Please give back only the lines below from the one containing "фотографии номера Стандартный" to the one containing "Do STEM Toys", each repeated word for word, both ends included.

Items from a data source
+---+
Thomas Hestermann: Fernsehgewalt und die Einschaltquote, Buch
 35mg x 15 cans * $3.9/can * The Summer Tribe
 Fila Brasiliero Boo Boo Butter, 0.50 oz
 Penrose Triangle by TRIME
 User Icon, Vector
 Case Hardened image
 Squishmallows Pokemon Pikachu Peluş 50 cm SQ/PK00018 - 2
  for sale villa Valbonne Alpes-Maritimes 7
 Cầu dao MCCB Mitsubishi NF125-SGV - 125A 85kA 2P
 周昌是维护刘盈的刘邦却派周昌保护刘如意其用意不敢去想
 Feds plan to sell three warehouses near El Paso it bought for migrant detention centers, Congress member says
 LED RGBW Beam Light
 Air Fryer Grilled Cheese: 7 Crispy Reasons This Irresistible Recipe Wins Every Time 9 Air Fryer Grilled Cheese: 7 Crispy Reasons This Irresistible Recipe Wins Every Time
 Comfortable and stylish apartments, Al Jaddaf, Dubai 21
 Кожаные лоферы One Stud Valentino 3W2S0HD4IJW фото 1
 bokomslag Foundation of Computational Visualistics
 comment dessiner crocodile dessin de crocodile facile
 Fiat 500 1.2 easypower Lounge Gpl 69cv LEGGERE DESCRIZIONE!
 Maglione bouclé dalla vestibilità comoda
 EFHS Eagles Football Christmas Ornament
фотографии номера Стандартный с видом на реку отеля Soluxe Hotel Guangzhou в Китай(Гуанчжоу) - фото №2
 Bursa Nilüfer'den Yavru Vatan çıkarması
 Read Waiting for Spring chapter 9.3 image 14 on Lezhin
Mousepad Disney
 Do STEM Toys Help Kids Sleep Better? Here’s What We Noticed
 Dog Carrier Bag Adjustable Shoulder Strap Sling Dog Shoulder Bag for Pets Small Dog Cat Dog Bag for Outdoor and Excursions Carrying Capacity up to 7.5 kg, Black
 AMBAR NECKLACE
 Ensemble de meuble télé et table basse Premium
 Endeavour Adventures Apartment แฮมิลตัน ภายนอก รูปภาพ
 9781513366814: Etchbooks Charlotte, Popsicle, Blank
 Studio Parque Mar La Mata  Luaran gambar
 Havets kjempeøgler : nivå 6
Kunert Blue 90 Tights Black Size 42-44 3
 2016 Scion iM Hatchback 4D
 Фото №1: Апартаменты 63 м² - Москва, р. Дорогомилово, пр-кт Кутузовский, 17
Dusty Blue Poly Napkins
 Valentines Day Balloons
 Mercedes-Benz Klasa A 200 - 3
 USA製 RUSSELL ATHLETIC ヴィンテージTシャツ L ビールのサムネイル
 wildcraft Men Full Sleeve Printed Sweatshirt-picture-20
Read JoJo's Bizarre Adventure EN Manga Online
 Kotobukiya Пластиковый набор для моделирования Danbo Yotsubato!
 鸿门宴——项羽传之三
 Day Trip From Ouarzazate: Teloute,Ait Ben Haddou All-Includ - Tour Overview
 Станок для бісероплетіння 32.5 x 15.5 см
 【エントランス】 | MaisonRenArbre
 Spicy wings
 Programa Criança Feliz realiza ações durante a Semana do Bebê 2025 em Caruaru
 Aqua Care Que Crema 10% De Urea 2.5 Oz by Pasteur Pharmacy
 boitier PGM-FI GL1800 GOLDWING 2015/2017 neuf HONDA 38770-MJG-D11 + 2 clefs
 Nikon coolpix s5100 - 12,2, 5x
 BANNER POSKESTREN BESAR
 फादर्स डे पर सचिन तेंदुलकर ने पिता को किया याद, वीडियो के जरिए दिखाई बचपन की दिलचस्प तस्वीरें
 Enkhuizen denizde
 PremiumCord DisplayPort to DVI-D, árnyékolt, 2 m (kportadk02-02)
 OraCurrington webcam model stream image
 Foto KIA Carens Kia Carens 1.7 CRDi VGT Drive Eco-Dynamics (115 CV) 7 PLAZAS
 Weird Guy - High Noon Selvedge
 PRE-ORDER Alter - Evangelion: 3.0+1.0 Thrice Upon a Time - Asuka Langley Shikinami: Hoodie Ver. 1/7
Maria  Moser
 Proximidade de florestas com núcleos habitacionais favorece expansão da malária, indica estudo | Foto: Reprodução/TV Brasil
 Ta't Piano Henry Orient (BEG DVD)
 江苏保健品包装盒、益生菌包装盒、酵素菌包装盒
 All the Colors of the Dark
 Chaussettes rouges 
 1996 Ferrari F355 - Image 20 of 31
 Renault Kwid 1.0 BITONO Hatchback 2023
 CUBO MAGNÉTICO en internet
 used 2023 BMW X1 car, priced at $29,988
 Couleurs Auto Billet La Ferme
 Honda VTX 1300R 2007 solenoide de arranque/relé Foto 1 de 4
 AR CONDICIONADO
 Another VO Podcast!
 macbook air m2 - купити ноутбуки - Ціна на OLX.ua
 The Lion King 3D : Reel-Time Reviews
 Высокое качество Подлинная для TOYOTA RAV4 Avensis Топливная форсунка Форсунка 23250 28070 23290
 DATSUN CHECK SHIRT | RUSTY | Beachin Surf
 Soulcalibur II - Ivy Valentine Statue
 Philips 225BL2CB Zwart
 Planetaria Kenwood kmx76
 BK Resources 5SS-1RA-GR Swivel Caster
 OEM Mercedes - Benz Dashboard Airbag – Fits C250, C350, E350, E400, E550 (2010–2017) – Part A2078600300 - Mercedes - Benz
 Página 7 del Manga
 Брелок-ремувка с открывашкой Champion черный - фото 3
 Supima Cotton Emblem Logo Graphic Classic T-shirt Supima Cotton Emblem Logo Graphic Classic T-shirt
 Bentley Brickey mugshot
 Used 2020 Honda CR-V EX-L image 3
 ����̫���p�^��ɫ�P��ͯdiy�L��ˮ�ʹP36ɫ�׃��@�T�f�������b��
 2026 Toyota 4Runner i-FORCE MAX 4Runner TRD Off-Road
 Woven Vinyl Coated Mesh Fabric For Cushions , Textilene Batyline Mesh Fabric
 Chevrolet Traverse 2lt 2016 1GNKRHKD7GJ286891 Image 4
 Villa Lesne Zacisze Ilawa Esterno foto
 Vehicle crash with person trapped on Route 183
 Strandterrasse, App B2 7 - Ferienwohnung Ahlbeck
+---+
(ANSWER TO THIS EXERCISE):
фотографии номера Стандартный с видом на реку отеля Soluxe Hotel Guangzhou в Китай(Гуанчжоу) - фото №2
 Bursa Nilüfer'den Yavru Vatan çıkarması
 Read Waiting for Spring chapter 9.3 image 14 on Lezhin
Mousepad Disney
 Do STEM Toys Help Kids Sleep Better? Here’s What We Noticed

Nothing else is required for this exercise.